*PROMPT*
For each record that follows, give it back exactly, with no pictures included.

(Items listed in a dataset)
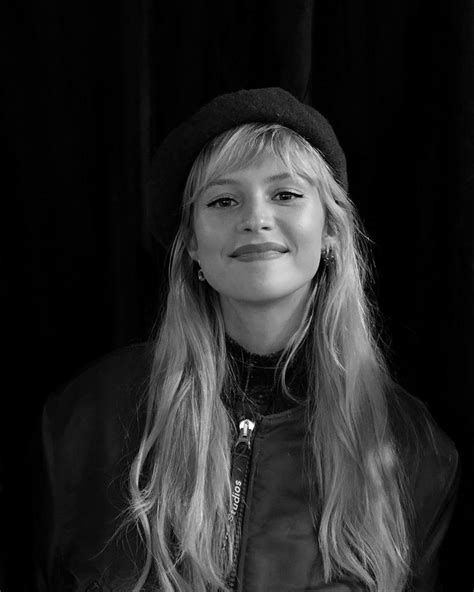 A Black And White Photo Of A Woman With Long Blonde Hair Wearing A Hat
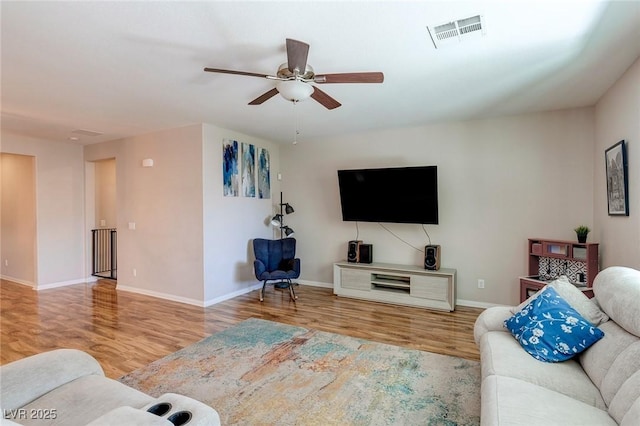 living room with baseboards, a ceiling fan, wood finished floors, and visible vents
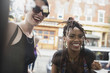 © HEX - Two young women looking through a window and smiling.
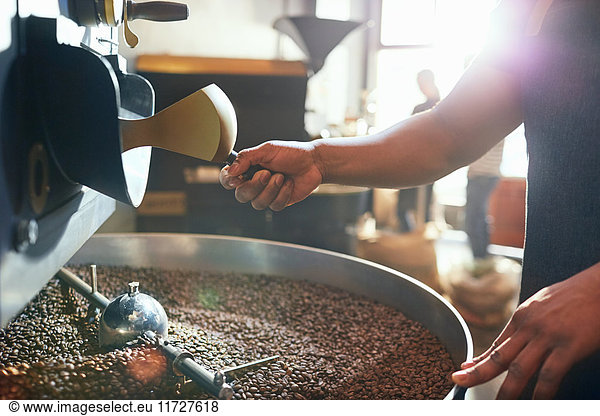 Male coffee roaster roasting coffee beans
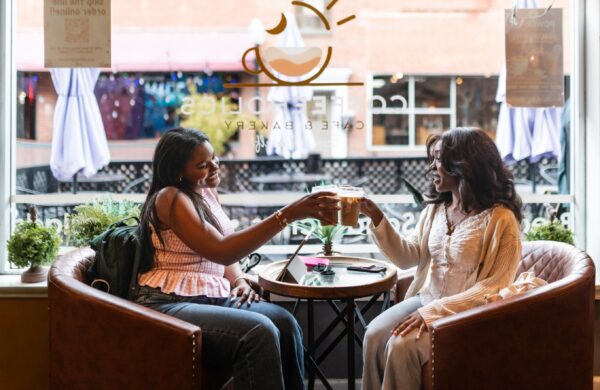 Two girl friends having coffee at a cafe near Heyday Blacksburg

*TASK SOLUTION*
 A Black And White Photo Of A Woman With Long Blonde Hair Wearing A Hat
 living room with baseboards, a ceiling fan, wood finished floors, and visible vents
 © HEX - Two young women looking through a window and smiling.
 Male coffee roaster roasting coffee beans
 Two girl friends having coffee at a cafe near Heyday Blacksburg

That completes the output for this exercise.